Detecting and removing byte order marks (BOMs) from Unicode text files

Some Unicode-encoded text files have a byte order mark or BOM set.

Detecting and removing this mark before inputting the file to Matrix is recommended.

There are multiple ways of detecting and removing a BOM from a Unicode-encoded text file.

The specific actions for doing so change depending on the host operating system and end-user applications used.

The procedures below use two Unix-native shell utilities.

These utilities are included by default with macOS and virtually all Linux distributions.

These utilities are also included with the Windows Subsystem for Linux, which is freely-available from Microsoft.

Byte order marks

UTF-16 and UTF-32 are byte-ordering dependent when serializing text and the Unicode specification supports, but does not require, the setting of a byte order mark (BOM) string at the beginning of a text file.

When set, this string consists of two code points:

  • U+FEFF zero width no-break space (byte order mark); or

  • U+FFFE (a noncharacter)

These two strings are mirror images of each other and, when set at the beginning of a file, they function to declare the byte ordering used in the file.

As noted, however, BOMs are not a required string.

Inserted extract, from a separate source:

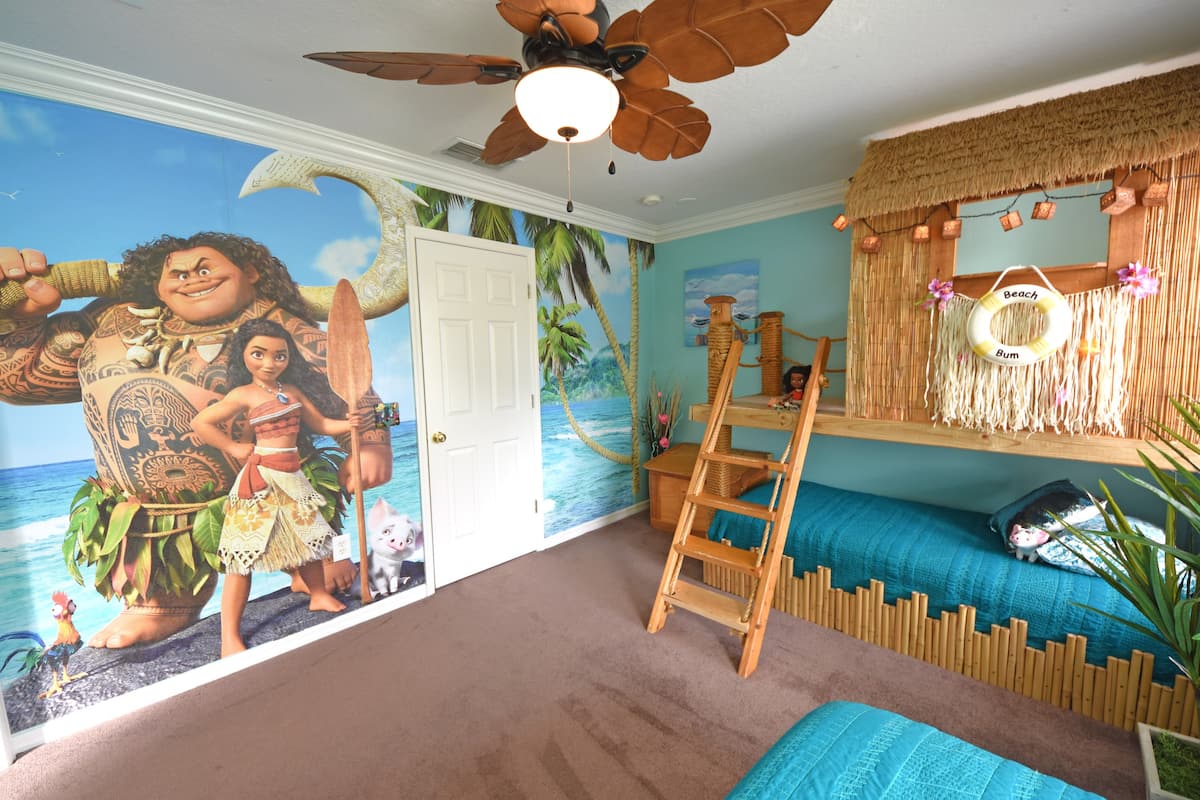 Disney-Themed Vacation Rentals For Families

When Unicode-encoded text files are written out, most applications do not set a BOM string. And most applications do not expect the BOM string when parsing a Unicode-encoded text file.

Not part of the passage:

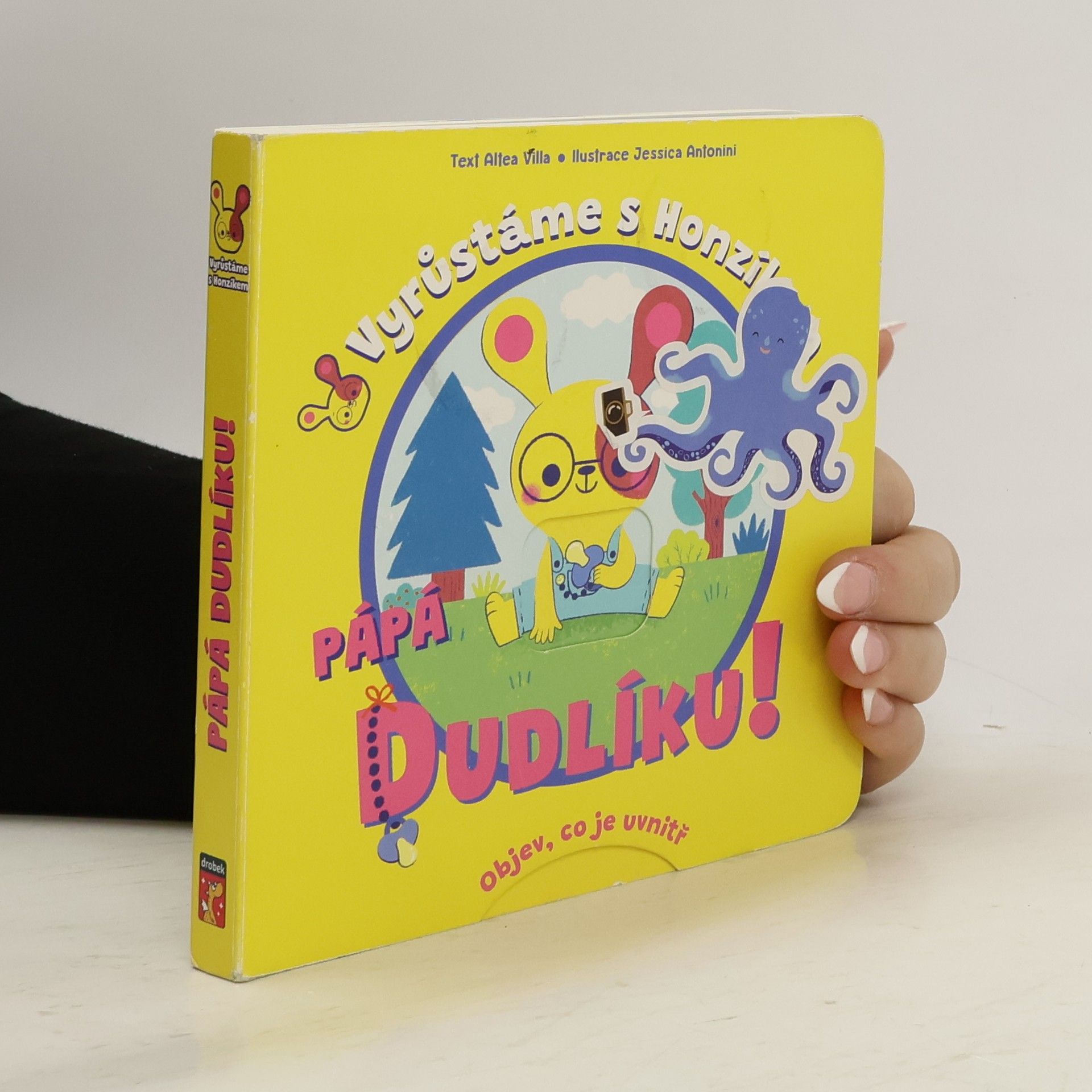 Vyrůstáme s Honzíkem. Pápá dudlíku!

In this regard, Matrix is in line with most applications.

Consequently, when a Unicode-encoded text file with a BOM is parsed by Matrix, the BOM string can affect the input.

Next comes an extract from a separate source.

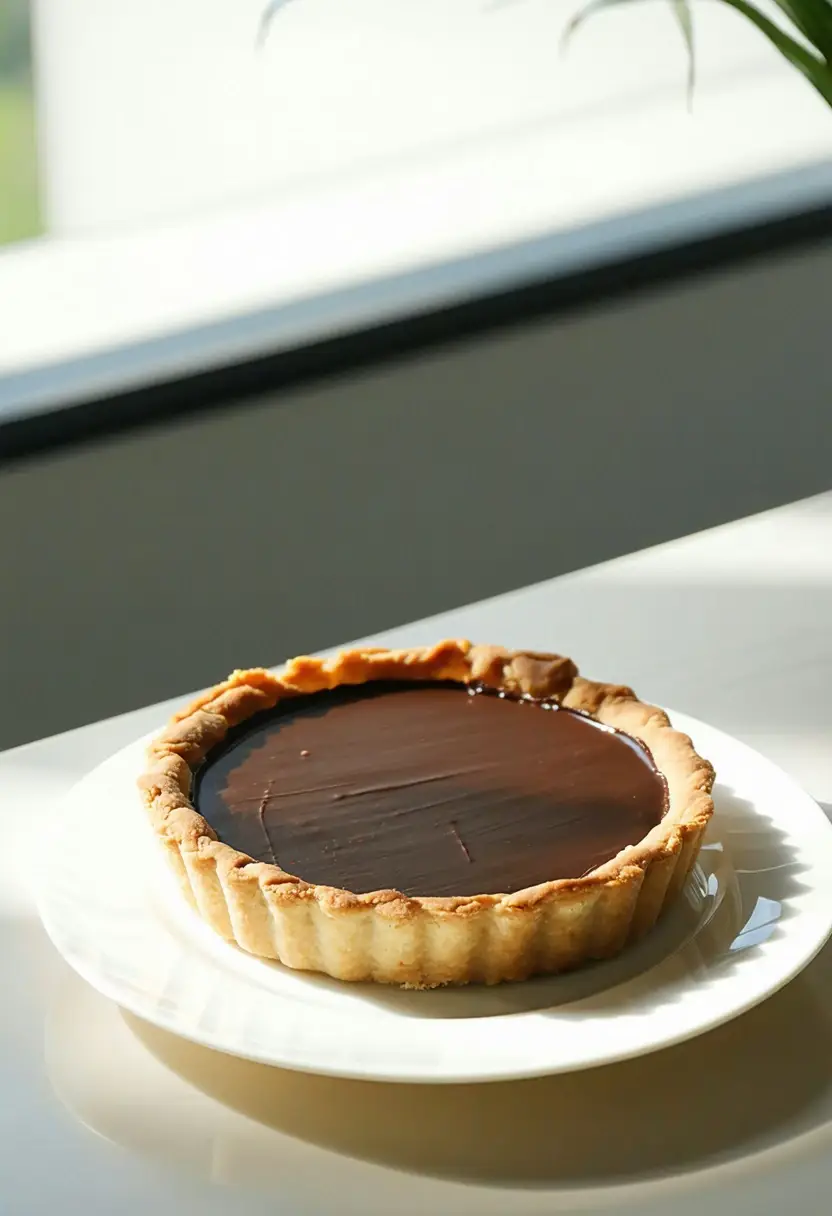 Torta de Chocolate com Avelã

For example, when a CSV file with a BOM is parsed, the first column of values may be either ignored or presented as empty values.

Detecting BOMs

BOMs do not present when a Unicode-encoded text file is opened in a text editor or text viewer and do not present when the file is sent to STD OUT.

For example, the output of the following command does not change whether the file has a BOM or not:

cat unicode-example-with-or-without-a-bom.csv

Instead, to check whether a BOM is present, use the file -k command.

If a file has a BOM, this fact is part of the data returned to STD OUT.

file -k unicode-example-with-bom.csv
unicode-example-with-bom.csv: CSV text
- , Unicode text, UTF-8 (with BOM) text, with CRLF line terminators

If a file does not have a BOM, this fact is (by omission) part of the data returned to STD OUT.

file -k unicode-example-with-no-bom.md
unicode-example-with-no-bom.md: Unicode text, UTF-8 text

Removing BOMs

To remove a BOM from a file, example.text, edit the file sed and write out a copy of the file example-no-bom.text as follows.

sed '1s/^\xEF\xBB\xBF//' example.text > example-no-bom.text

To document the above command:

1

Make the following edits on the first line of the file only.

s/^\xEF\xBB\xBF//

Find a hexadecimal byte string — 0xef 0xbb 0xbf — that is at the beginning of the line — ^ — and replace it with an empty string.

0xef 0xbb 0xbf corresponds to the two code points that constitute the BOM as noted previously.

example.text > example-no-bom.text

Read in the file example.text and write the changes out to a new file, example-no-bom.text.

Check the BOM is gone

To check the BOM has been removed, run file -k on the edited file.

It will return something equivalent to the second example presented previously.

file -k example-no-bom.text
example-no-bom.text: CSV text
- , Unicode text, UTF-8 text, with CRLF line terminators